▸ **Brief descriptive captions**:
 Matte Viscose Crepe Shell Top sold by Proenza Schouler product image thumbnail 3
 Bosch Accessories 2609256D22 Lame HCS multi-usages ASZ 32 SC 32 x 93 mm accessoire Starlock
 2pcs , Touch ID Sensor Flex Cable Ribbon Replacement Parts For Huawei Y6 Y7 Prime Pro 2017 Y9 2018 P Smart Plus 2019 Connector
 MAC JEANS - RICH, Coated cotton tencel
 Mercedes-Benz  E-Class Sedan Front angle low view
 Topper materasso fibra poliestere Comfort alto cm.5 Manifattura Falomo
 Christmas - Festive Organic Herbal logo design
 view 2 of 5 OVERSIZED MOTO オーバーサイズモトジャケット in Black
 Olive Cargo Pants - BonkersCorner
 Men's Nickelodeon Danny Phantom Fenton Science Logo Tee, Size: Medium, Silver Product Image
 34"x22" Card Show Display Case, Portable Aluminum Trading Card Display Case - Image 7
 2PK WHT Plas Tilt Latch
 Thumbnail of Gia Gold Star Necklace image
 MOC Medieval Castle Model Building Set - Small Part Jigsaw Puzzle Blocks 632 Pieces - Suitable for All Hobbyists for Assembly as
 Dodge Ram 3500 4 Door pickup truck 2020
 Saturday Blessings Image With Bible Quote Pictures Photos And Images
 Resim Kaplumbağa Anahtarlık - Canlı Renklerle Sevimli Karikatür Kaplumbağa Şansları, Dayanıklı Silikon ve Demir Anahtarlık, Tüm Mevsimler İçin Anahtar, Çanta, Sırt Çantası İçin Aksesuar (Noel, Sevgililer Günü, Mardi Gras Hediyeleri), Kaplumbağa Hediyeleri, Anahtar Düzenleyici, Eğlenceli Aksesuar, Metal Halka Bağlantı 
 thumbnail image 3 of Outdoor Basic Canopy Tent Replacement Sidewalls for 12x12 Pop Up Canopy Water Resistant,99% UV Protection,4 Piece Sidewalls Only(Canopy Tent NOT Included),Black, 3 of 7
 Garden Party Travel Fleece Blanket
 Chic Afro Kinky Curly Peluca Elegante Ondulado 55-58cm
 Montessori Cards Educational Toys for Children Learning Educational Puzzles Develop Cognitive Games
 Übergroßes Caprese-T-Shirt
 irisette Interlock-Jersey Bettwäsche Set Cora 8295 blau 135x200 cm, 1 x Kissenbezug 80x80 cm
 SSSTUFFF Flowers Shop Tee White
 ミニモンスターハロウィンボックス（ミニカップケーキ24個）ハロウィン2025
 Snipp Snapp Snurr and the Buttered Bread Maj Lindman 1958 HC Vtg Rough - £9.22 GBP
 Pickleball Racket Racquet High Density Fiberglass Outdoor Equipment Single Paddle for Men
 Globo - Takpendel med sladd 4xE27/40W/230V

▸ **Task statement**:
In the entries above, find the line with "Bosch Accessories 2609256D22" and the line with "Olive Cargo Pants - BonkersCorner", then set down exactly those two and every line between them, nothing else.

▸ **Finished exercise**:
 Bosch Accessories 2609256D22 Lame HCS multi-usages ASZ 32 SC 32 x 93 mm accessoire Starlock
 2pcs , Touch ID Sensor Flex Cable Ribbon Replacement Parts For Huawei Y6 Y7 Prime Pro 2017 Y9 2018 P Smart Plus 2019 Connector
 MAC JEANS - RICH, Coated cotton tencel
 Mercedes-Benz  E-Class Sedan Front angle low view
 Topper materasso fibra poliestere Comfort alto cm.5 Manifattura Falomo
 Christmas - Festive Organic Herbal logo design
 view 2 of 5 OVERSIZED MOTO オーバーサイズモトジャケット in Black
 Olive Cargo Pants - BonkersCorner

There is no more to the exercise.